In the 1962 gubernatorial election, Peabody was victorious in the race for governor, upsetting the Republican incumbent John A. Volpe by only 4,431 votes out of over two million cast. Peabody's campaign manager was his law partner Joseph M. Koufman. Peabody was aided in the victory by endorsements from President Kennedy, and by the coattails of Ted Kennedy's victory in the coinciding race for the president's former United States Senate seat.

During his administration, voters approved a state constitutional amendment extending the terms of office of all state constitutional officers from two years to four years, starting from the next election. Peabody advocated laws to prevent discrimination in housing and to establish drug addiction treatment programs. He also strongly opposed capital punishment and "vowed that he would not sign a death warrant even for the Boston Strangler, if he were ever caught and convicted." This position was controversial, especially because several police officers were killed in the line of duty in the state during his tenure. Peabody recommended the commutation of every death sentence that he reviewed while governor. Massachusetts' last executions took place in 1947, though the penalty itself remained in force. On June 18, 1964, Peabody signed into law the bill establishing the University of Massachusetts Boston.

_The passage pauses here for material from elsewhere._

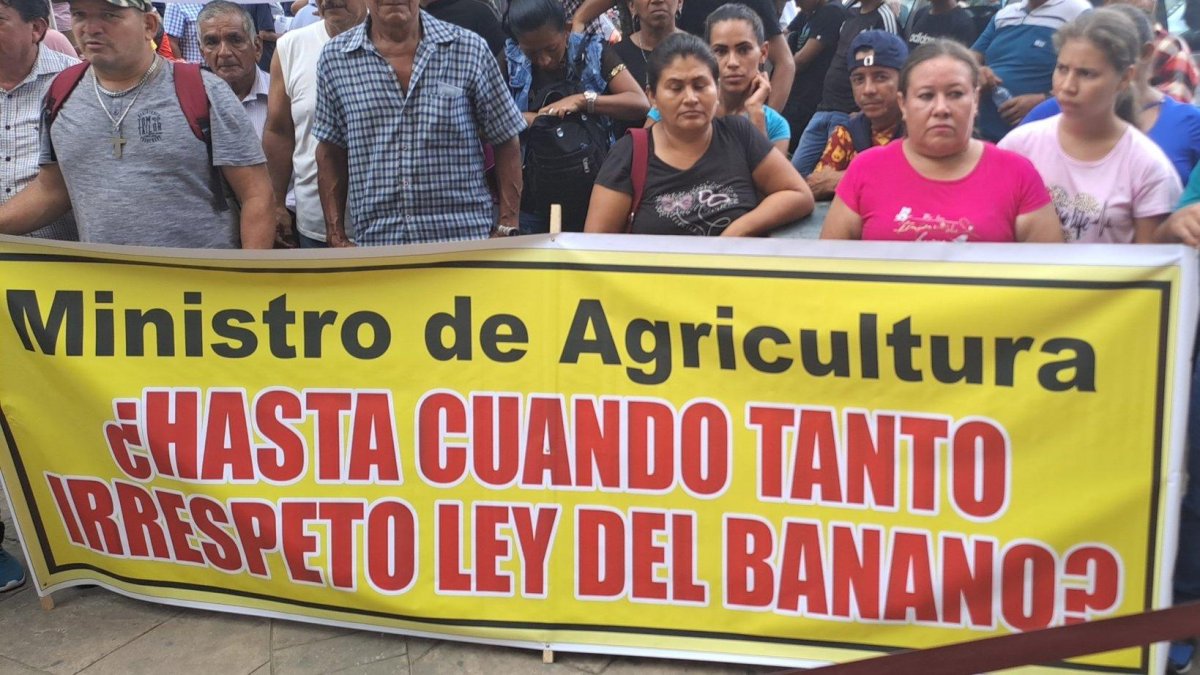 Decenas de productores llegaron a las afueras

On April 1, 1964, the governor's 72-year-old mother, Mary Parkman Peabody, made headlines when she was arrested at the Ponce de Leon Motor Lodge in St. Augustine, Florida, for attempting to be served in an integrated group at a racially segregated restaurant. The action made her a hero to the civil rights movement and brought civil rights efforts in St. Augustine, the nation's oldest city, to national and international attention.

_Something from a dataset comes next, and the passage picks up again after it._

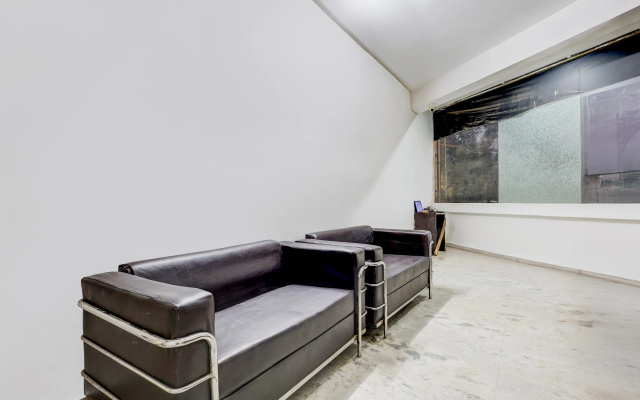 Super Hotel O Sector 4 Manraj Complex Gurugram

In 1964, Lt. Gov. Francis X. Bellotti mounted a primary campaign against Peabody for the Democratic gubernatorial nomination. Although Peabody was supported by Senator Kennedy and the party convention, Bellotti was victorious in the primary. Peabody's loss was variously attributed to his controversial opposition to the death penalty, his stiff demeanor in television appearances, and a bruising defeat he suffered early in his term in opposing the winning candidate for Speaker of the Massachusetts General Court. Bellotti subsequently lost the general election to John Volpe.

==Post-governorship==
===Senate campaign===
In 1966, Peabody ran for the U.S. Senate, for which there was an open seat that year as a result of the retirement of Leverett Saltonstall; he won the Democratic nomination but was defeated by a landslide in the general election by the Republican nominee, the liberal state Attorney General Edward Brooke.

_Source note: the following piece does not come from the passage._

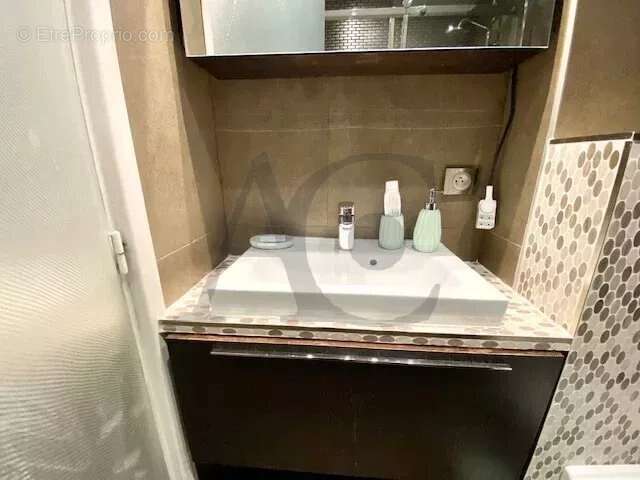 Appartement à VILLENEUVE-LOUBET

===1972 vice presidential election===
Peabody undertook a quixotic campaign for Vice President of the United States on the Democratic ticket in 1972; he came in fourth in the balloting at the 1972 Democratic National Convention. He ran under the slogan "Endicott Peabody, the number one man for the number two job."

===New Hampshire===
In 1983, he moved to Hollis, New Hampshire, where he ran unsuccessfully for local and statewide political office several times, including for the U.S. Senate in 1986 against the Republican incumbent, Warren Rudman.

In 1992, Peabody ran again for vice president by competing in the New Hampshire vice-presidential primary, where he won with 59.7% of the vote. However, the primary is non-binding, and, at the prerogative of the presidential nominee, Bill Clinton of Arkansas, the vice-presidential nomination eventually went to Al Gore of Tennessee. Clinton and Gore subsequently won the general election.

Also in 1992, Peabody ran for a seat in the New Hampshire House of Representatives, but he came in third place with 20.7% of the vote.

Peabody died from leukemia in Hollis in 1997, aged 77. His remains were interred in Groton, Massachusetts.

==Family==
On June 24, 1944, Peabody married Barbara Welch "Toni" Gibbons (1922-2012), a native of Bermuda. She was the elder daughter of Morris Gibbons, a member of the Parliament of Bermuda, and his wife, Maude Madge Welch. Peabody and his wife had a daughter, Barbara, and two sons, Robert and Endicott Jr.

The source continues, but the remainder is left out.